Required action:
Take the line with "this 1000×667 image." as the first and the last line of the data as the end. Write out both and every line between exactly, except pictures.

• • • • •

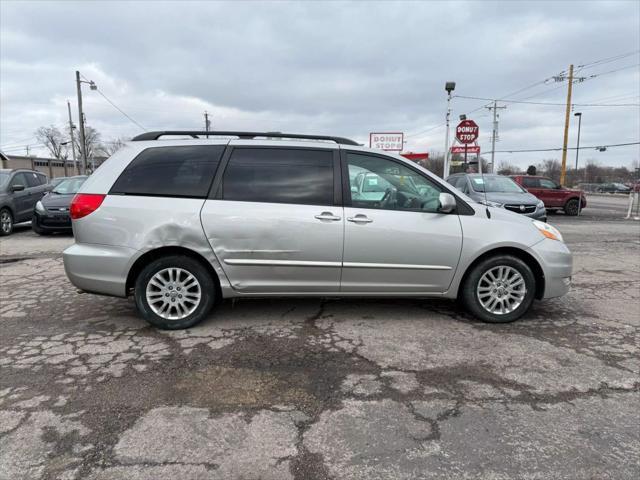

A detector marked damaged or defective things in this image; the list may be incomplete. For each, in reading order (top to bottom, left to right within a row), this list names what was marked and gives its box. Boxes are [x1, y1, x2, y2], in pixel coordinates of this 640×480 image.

cracked asphalt [0, 193, 636, 478]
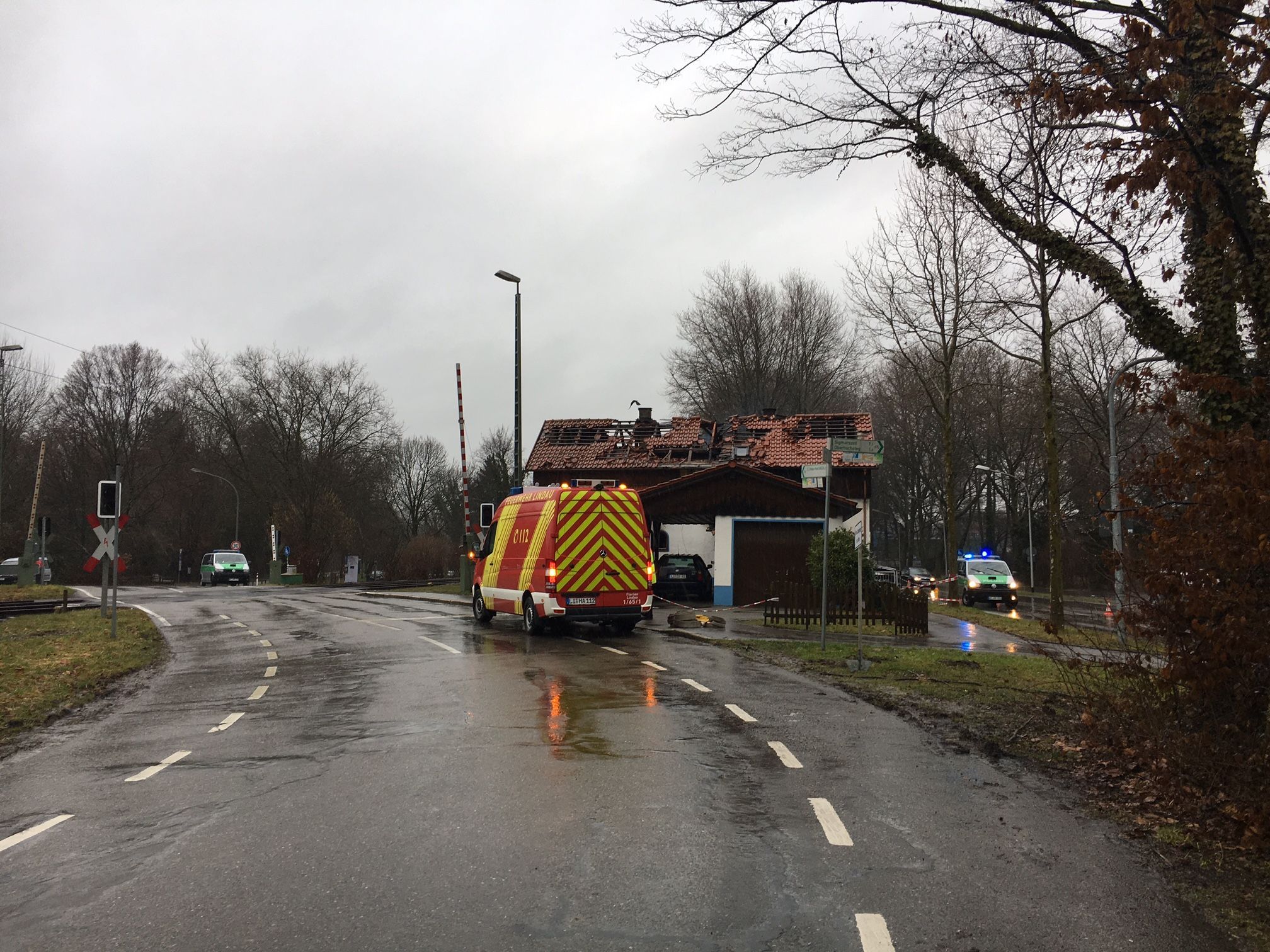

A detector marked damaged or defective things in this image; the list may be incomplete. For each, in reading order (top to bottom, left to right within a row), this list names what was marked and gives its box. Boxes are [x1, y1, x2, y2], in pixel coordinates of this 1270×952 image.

damaged tiled roof [523, 411, 874, 474]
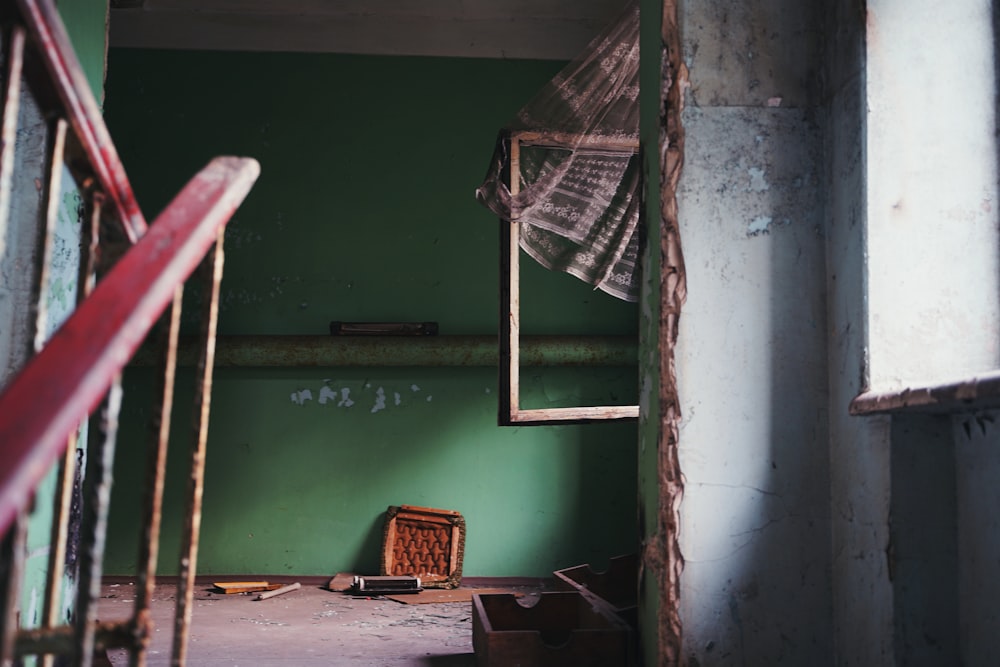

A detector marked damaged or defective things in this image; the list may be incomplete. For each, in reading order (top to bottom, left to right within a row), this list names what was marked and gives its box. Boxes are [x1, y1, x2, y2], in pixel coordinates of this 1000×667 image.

rusted metal bar [0, 26, 25, 240]
rusty red banister [15, 0, 147, 243]
rusted metal bar [15, 0, 148, 243]
rusted metal bar [14, 620, 140, 656]
rusted metal bar [73, 380, 122, 667]
rusty red banister [0, 157, 262, 536]
rusted metal bar [0, 158, 262, 544]
rusted metal bar [132, 290, 183, 667]
rusted metal bar [174, 231, 225, 667]
rusted metal bar [129, 334, 636, 370]
broken window frame [500, 129, 640, 428]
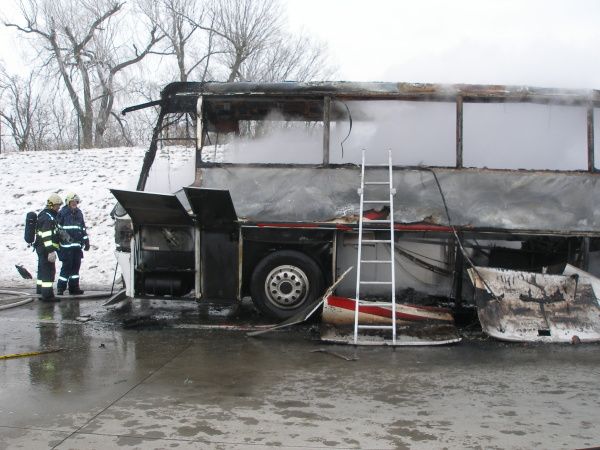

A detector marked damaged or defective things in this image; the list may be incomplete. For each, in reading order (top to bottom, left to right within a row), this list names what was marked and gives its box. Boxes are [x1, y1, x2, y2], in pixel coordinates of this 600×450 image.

burnt metal sheet [109, 189, 191, 227]
burnt metal sheet [184, 187, 238, 230]
burned bus [111, 80, 600, 342]
burned interior [115, 81, 600, 344]
burnt metal sheet [198, 166, 600, 236]
burnt metal sheet [466, 268, 600, 342]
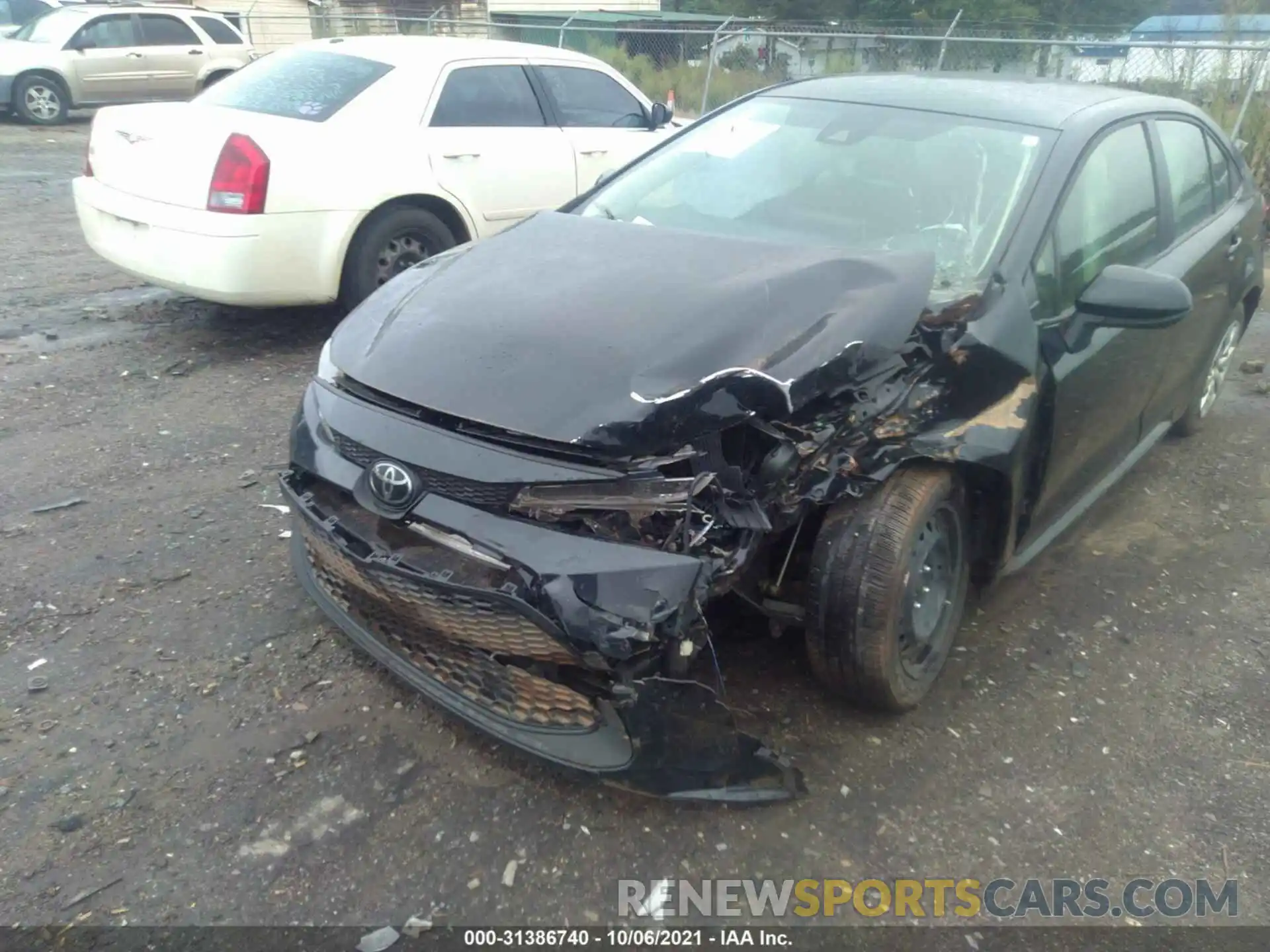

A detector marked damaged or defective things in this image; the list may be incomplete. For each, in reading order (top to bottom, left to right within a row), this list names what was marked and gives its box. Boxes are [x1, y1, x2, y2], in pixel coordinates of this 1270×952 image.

• • • • •

Output of the exercise:
A detector marked damaged or defective things in this image; the list may be incomplete. For each, in reading order (top to bottom, left to right within a row), this list names what was marked and gives its box. Boxes are [x1, y1, x2, y2], in pixel coordinates of this 1000×667 image.

rusted metal bar [0, 26, 25, 240]
rusty red banister [15, 0, 147, 243]
rusted metal bar [15, 0, 148, 243]
rusted metal bar [14, 620, 140, 656]
rusted metal bar [73, 380, 122, 667]
rusty red banister [0, 157, 262, 536]
rusted metal bar [0, 158, 262, 544]
rusted metal bar [132, 290, 183, 667]
rusted metal bar [174, 231, 225, 667]
rusted metal bar [129, 334, 636, 370]
broken window frame [500, 129, 640, 428]

A detector marked damaged or defective things in this image; the list may be incomplete. For each, in reading order (top to bottom, left to right within a row), this list names what was marked and gives its box. Boxes are [x1, y1, x2, y2], in pixel coordinates of this 600×450 image.

burnt metal sheet [109, 189, 191, 227]
burnt metal sheet [184, 187, 238, 230]
burned bus [111, 80, 600, 342]
burned interior [115, 81, 600, 344]
burnt metal sheet [198, 166, 600, 236]
burnt metal sheet [466, 268, 600, 342]

A detector marked damaged or defective things in this image; the list may be incomplete. For each, in reading order (top to bottom, left to right within a row), this list names what was marked and gives its box. Boxes are [x1, y1, x2, y2], in pixel coordinates of this 1270×952 image.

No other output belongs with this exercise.